-- SOURCE MATERIAL follows --
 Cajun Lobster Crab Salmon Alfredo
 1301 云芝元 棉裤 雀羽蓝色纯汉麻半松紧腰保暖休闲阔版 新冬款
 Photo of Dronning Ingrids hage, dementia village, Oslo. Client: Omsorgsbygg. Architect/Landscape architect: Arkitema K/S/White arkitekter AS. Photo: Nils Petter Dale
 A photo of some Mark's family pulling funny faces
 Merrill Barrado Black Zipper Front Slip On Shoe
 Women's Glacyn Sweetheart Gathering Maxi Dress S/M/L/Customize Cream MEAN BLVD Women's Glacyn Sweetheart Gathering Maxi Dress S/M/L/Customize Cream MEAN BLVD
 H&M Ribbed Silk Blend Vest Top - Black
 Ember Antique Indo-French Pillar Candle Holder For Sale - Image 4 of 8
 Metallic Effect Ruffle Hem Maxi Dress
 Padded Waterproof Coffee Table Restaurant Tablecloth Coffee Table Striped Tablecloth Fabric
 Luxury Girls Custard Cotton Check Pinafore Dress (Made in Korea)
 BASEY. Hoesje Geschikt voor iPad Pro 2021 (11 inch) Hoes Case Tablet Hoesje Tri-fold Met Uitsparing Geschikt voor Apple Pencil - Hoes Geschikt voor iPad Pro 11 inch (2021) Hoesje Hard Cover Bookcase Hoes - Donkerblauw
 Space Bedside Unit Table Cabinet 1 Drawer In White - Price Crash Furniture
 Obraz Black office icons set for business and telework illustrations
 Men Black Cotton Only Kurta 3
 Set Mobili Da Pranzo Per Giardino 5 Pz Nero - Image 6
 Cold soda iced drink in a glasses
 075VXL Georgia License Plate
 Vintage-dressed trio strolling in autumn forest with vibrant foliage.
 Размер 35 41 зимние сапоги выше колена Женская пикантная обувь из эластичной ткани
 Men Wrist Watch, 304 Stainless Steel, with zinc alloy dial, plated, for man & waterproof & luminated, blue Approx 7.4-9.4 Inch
-- SOURCE MATERIAL concluded --
▸ TRY IT: Start with the line above that contains "Photo of Dronning" and stop after the line that contains "A photo of some". Output those lines exactly, and only those.

▸ ANSWER:
 Photo of Dronning Ingrids hage, dementia village, Oslo. Client: Omsorgsbygg. Architect/Landscape architect: Arkitema K/S/White arkitekter AS. Photo: Nils Petter Dale
 A photo of some Mark's family pulling funny faces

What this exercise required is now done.